In this episode of “Cooking with Grandma” we’ll show you how to cook the famous ‘Tortilla de Patata’ (potato omelet), also known as Spanish omelet.
Spain is internationally known for its gastronomy. A great number of its dishes make up the Mediterranean diet and has historically been influenced by the strategic location of the country on the map. Nowadays, thanks to our grandmothers we can still enjoy traditional recipes prepared with culinary techniques from the past, such as the potato omelet.
First and foremost, which ingredients do we need? According to grandma, an omelet for four hungry people requires 8 eggs, 6 potatoes, 1 big onion, oil and salt. You can add or remove ingredients, but as a basis it should always contain eggs and potatoes, as shown below:
1. Peel the potatoes and the onion, cut them into thin slices and add some salt. This is the most arduous part of the process, don’t give up!
2. Fry it all in olive oil then put through a strainer to get rid of the excess fat.
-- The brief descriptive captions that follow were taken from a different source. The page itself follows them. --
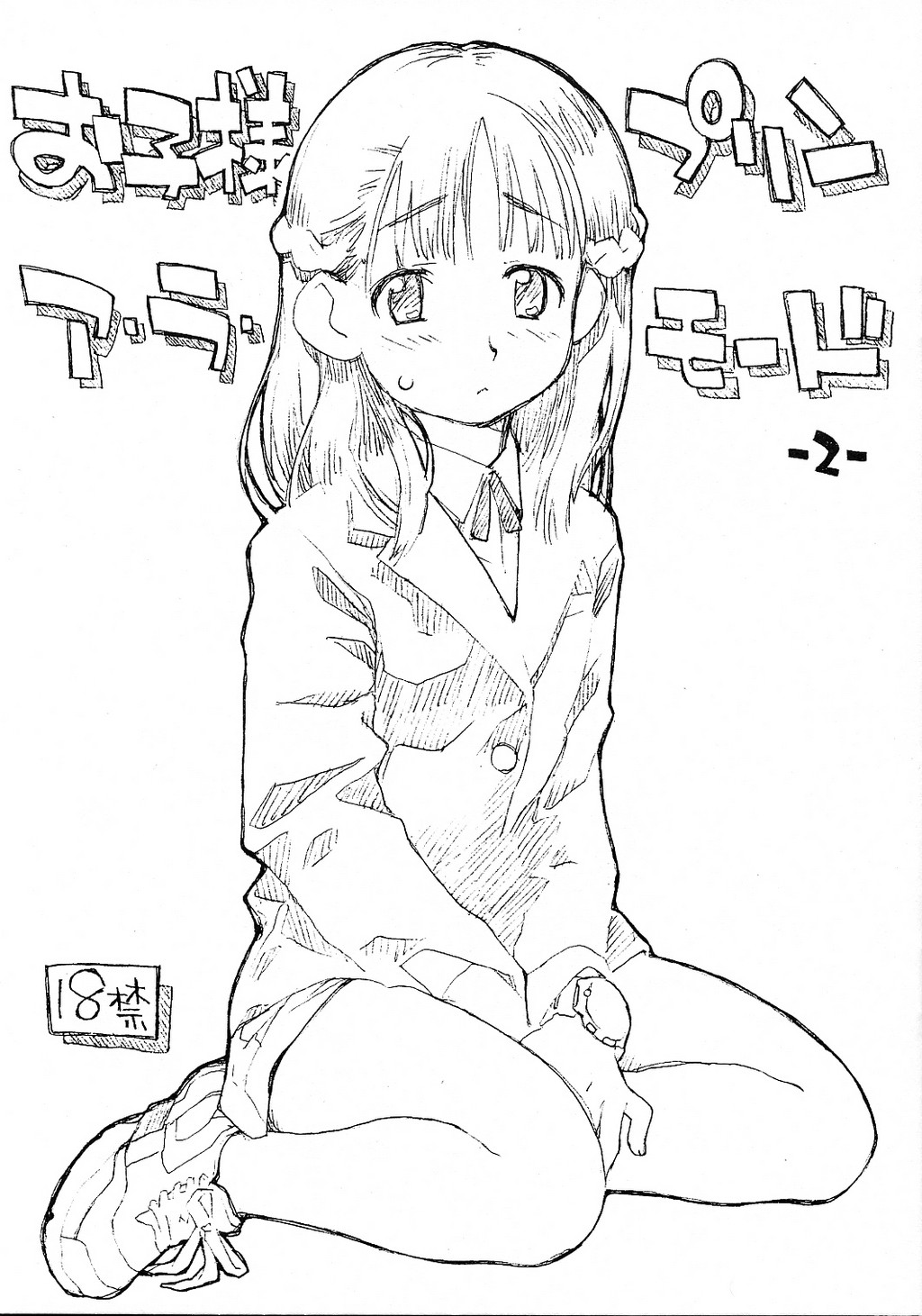 Okosama Pudding à la Mode 2 page 1 full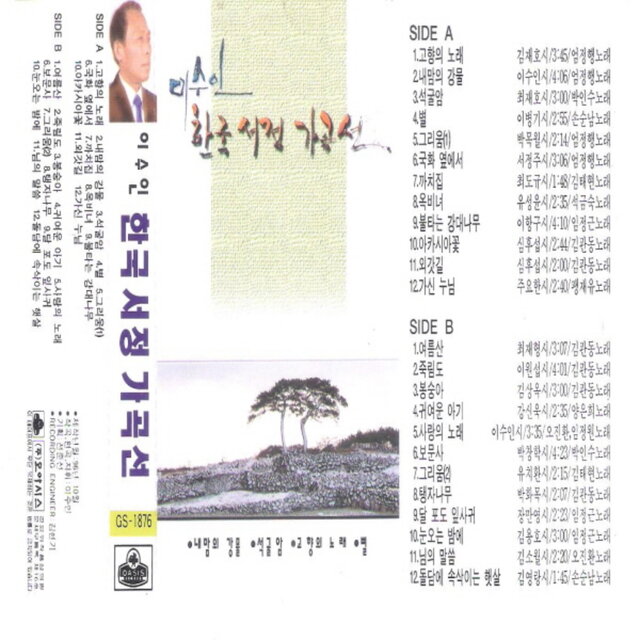 Lee Sooin Korean Lyrical Classical Songs Collection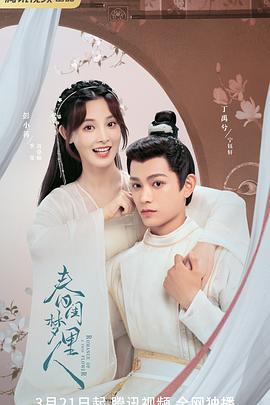 纽约两日情 封面图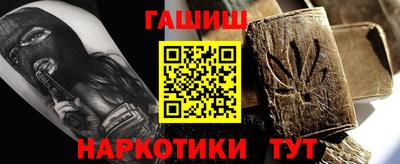 меф VHQ Шебекино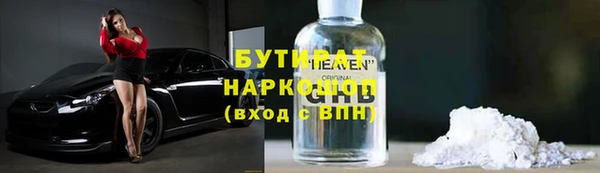 mix Медногорск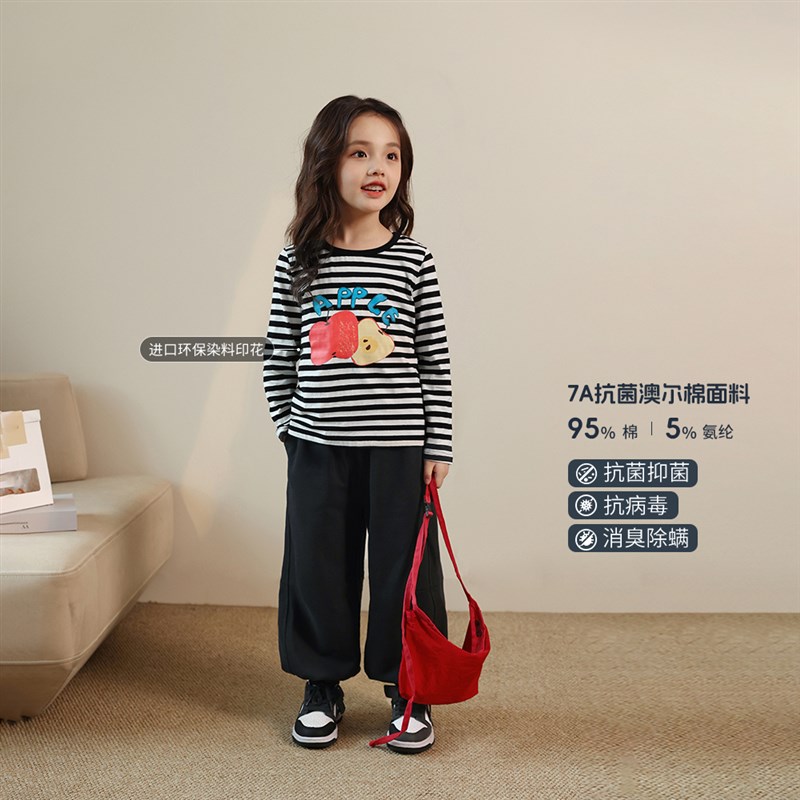 NORNOR陈大猪女童t恤长袖春秋季新款打底衫儿童洋气时髦休闲上衣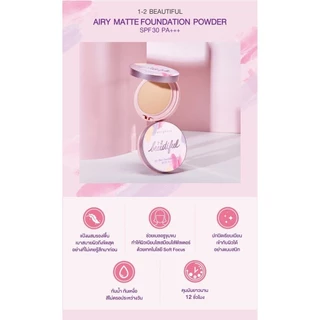 Cute Press 1-2-Beautiful Airy Matte Foundation Powder SPF30 PA+++ 5/13กรัม แป้งพัฟ คิ้วเพรส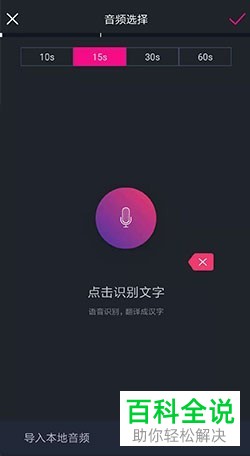 手机制作变声特效视频怎么制作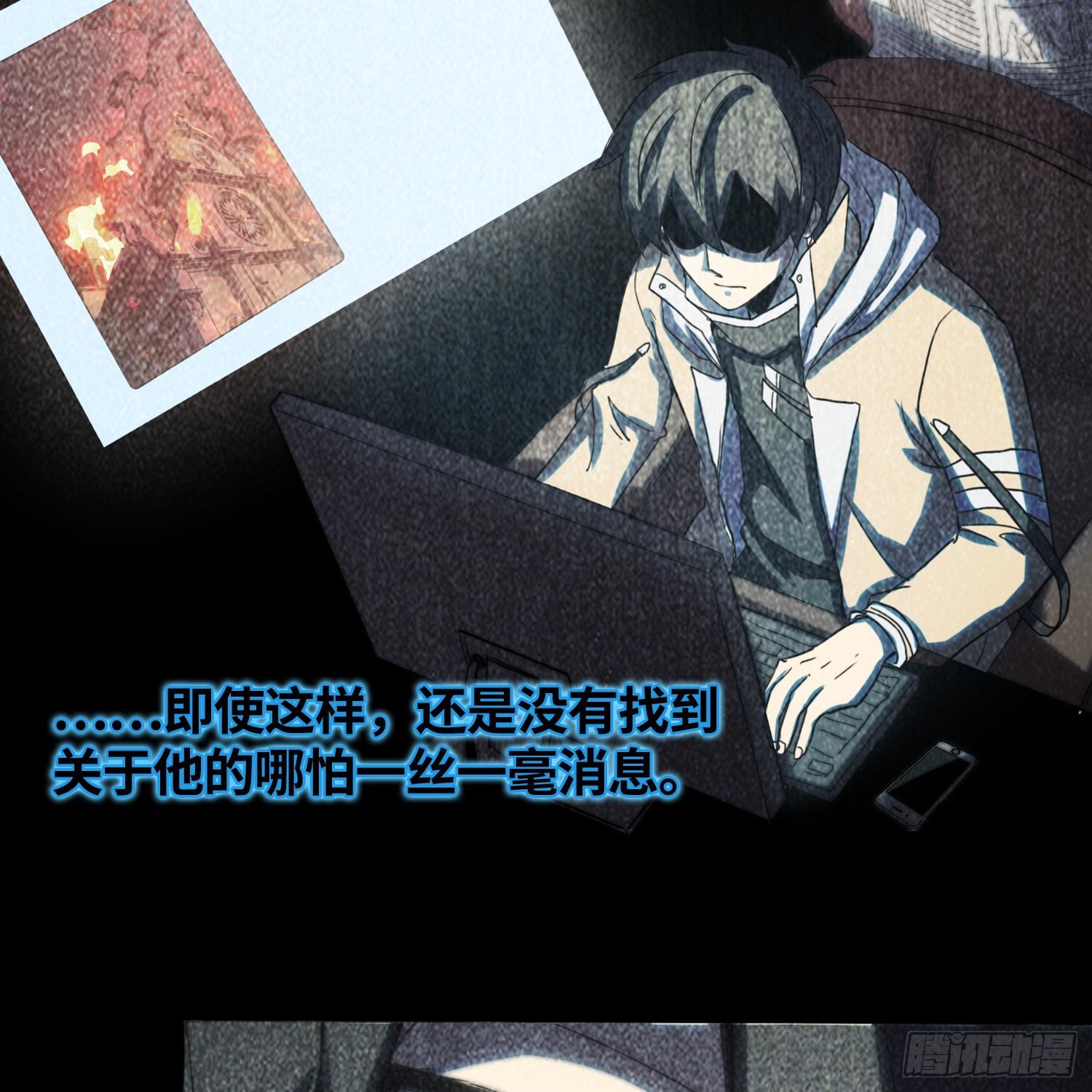 都市降神曲（諸神皆爲我所用） - 線索篇-住持的心願(1/2) - 4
3. Beat the eggs and put them in a pan with hot olive oil together with the potatoes and the onion and let it cook for a while. The pan size will determine the thickness of the omelet, so you should ideally use a pan like the one shown below:
4. Now it comes the most stressful part of the preparation, flipping the omelet! Grandma recommends doing it with the help of the lid of the pan if you don’t have a ‘tortillera’.
5. You will have to repeat the process a couple of times until the inside is cooked through. Then you can finally serve it on a plate: Now your potato omelet is ready, enjoy!